One of the significant changes in financial reporting involves taxes. On March 26, 2021, President Rodrigo R. Duterte signed into law Republic Act (R.A.) 11534, also known as the Corporate Recovery and Tax Incentives for Enterprises Act or CREATE Act, which reduced the corporate income tax rates and rationalized the current fiscal incentives to provide additional COVID-19 related reliefs to taxpayers. This resulted in additional disclosures in annual financial statements ending Dec. 31, 2020, in compliance with the PFRS (i.e., Philippine Accounting Standards 10 or Events After Reporting Period) as well as a change in the amount of tax to be filed and paid to the BIR.

There was also R.A. 11494 or the Bayanihan to Recover as One Act, which directed all banks, financing companies, lending companies, real estate developers, insurance companies, pre-need companies, and other public and private financial institutions to grant a one-time grace period of 60 days for the payment of loans falling due on or before Dec. 31, 2020 without interests, penalties, and other charges.

“This was a challenging job before the coronavirus pandemic and the health crisis has only made it tougher,” Mr. Baltazar said. “Nevertheless, in order to sustain, and in some cases, increase the efficiency and effectiveness of the operation, digitalization and technology have played a critical role in the accounting industry.”

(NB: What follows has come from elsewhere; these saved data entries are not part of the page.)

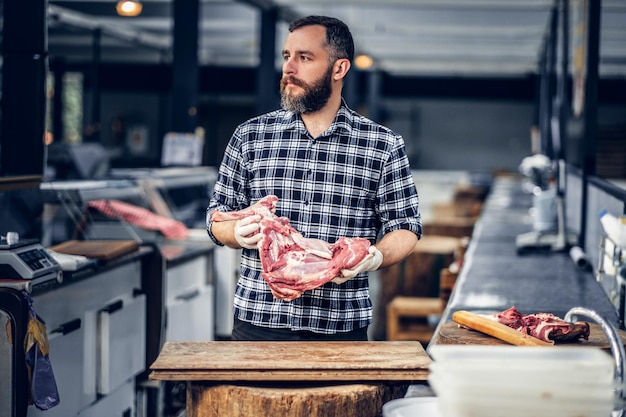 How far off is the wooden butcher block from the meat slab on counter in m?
0.36

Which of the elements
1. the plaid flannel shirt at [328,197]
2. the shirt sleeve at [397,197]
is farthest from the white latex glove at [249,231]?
the shirt sleeve at [397,197]

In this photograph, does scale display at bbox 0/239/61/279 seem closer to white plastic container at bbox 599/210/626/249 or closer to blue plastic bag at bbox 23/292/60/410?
blue plastic bag at bbox 23/292/60/410

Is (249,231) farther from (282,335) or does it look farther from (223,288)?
(223,288)

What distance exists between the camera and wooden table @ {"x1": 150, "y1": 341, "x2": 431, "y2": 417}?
2283mm

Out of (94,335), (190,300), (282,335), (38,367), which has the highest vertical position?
(282,335)

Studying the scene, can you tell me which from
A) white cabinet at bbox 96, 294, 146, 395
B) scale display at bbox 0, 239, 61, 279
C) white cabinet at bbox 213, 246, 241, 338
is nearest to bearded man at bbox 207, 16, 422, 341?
scale display at bbox 0, 239, 61, 279

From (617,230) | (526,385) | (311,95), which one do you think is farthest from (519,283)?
(526,385)

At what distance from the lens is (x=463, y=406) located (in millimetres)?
1594

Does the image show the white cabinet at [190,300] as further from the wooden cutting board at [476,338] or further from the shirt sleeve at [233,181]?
the wooden cutting board at [476,338]

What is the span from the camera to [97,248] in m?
4.72

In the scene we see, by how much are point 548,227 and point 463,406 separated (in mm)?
4764

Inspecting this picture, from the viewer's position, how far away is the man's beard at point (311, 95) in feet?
9.25

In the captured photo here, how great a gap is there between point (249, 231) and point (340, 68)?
616mm

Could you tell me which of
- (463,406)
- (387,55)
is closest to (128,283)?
(463,406) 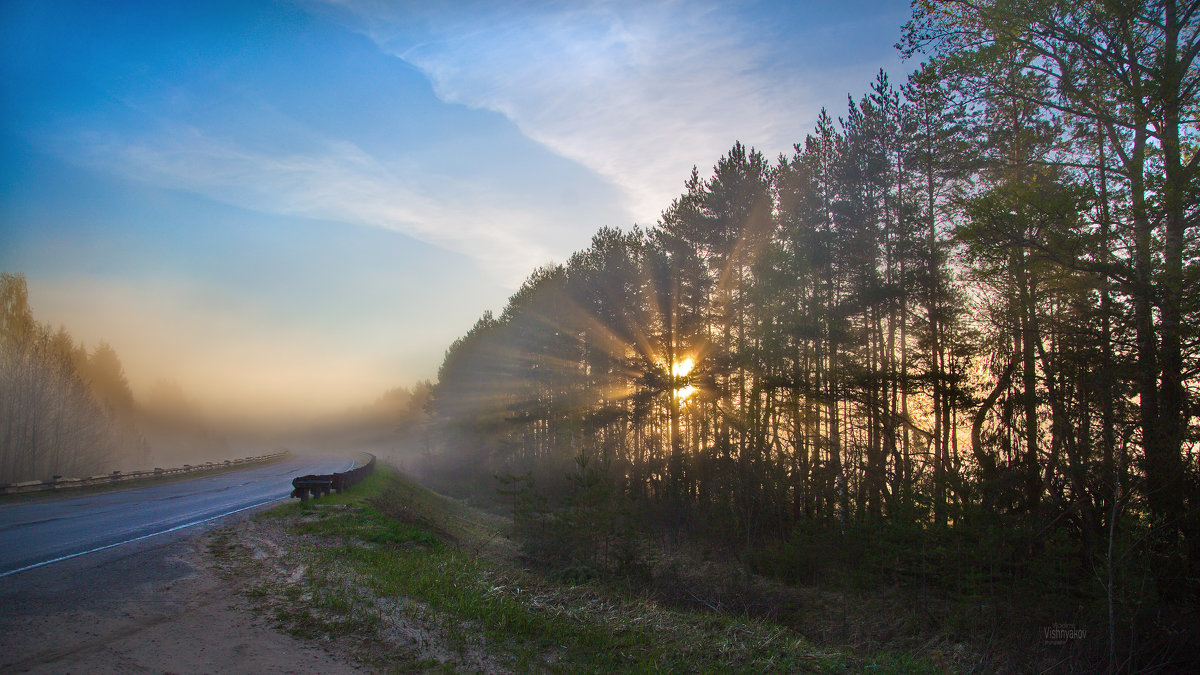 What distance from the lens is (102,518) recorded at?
14.9 meters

He noted that the SEC recently launched its Online Submission Tool (OST), which allows companies to file and submit their Annual Financial Statements, including other reportorial requirements such as the General Information Sheet and other annual reports, online, in recognition of the current challenges surrounding movement and face-to-face transactions. This technology enables the SEC to continue operating and serving the public while ensuring the observance of the health protocols implemented throughout the country.

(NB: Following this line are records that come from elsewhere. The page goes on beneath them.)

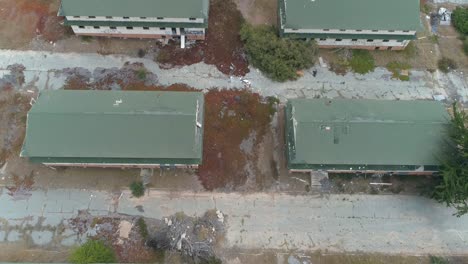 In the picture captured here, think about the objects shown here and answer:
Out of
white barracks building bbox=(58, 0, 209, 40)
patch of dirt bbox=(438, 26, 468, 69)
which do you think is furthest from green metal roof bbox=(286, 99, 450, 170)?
white barracks building bbox=(58, 0, 209, 40)

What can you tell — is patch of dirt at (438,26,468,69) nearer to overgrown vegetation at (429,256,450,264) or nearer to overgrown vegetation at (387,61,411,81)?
overgrown vegetation at (387,61,411,81)

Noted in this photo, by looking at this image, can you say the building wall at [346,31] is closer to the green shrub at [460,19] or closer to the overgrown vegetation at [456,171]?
the green shrub at [460,19]

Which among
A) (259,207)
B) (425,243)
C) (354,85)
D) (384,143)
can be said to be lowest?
(425,243)

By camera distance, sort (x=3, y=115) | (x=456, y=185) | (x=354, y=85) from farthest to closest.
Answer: (x=354, y=85) → (x=3, y=115) → (x=456, y=185)

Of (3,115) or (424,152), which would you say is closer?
(424,152)

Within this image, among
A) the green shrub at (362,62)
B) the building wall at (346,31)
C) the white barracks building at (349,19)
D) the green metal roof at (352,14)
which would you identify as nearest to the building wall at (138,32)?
the white barracks building at (349,19)

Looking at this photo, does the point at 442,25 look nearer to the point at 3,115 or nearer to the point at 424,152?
the point at 424,152

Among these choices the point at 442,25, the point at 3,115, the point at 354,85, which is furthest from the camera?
the point at 442,25

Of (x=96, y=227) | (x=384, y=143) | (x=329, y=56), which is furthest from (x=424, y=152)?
(x=96, y=227) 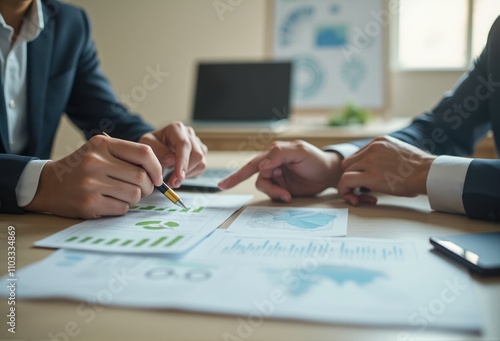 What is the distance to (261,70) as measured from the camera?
2.46m

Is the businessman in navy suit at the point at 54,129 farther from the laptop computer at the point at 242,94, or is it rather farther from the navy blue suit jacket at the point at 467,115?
the laptop computer at the point at 242,94

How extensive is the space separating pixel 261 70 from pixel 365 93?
568 mm

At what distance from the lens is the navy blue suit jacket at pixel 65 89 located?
4.23ft

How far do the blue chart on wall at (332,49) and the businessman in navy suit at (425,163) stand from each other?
1.37m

Another way technology is reshaping the accounting landscape is through the transition of office-based work to remote work-from-home setups.

“We believe remote work is one of the more notable changes to come out of this crisis. This has been the dominant mode of work in the accounting industry during the COVID-19 pandemic. On top of health and safety issues, working from home is convenient for some accounting professionals; it allows them to get a better handle of their work-life balance,” Mr. Baltazar said.

Yet, such drastic changes can also have disadvantages. Mr. Baltazar noted that some professionals have admitted that they find it more conducive to work in an office, that they find it difficult to transition to work-from-home because they’re surrounded by distractions, making it difficult for them to concentrate and be productive.

“Another change we saw during the pandemic is the quick adoption of new technology. Accountants generally go through voluminous paperwork, whether electronic or hard copy, to get their work done,” he added.

With the pandemic, majority of the paperwork and even the procedures that needed to be conducted by accounting firms had to be done online and virtually. Several companies have incorporated virtual communication applications and other digital tools into their operations to carry out essential procedures involving their accountants, such as vouching, tracing, stocktaking, etc.

How long these changes last, Mr. Baltazar noted, will depend on the ability of the national government to control the spread of COVID-19.

“Accounting post-COVID will likely entail more use of virtual communication and collaboration tools amongst co-workers and clients, including client onboarding processes,” he said.

“Right now, besides still battling the spread of the coronavirus, the world is also grappling with vaccine shortage and vaccine hesitancy. People are still living with a lot of fear and uncertainty so we expect remote work to be the preferred option for many. As such, virtual communication and collaboration tools, and other digital technology will continue to dominate,” he added.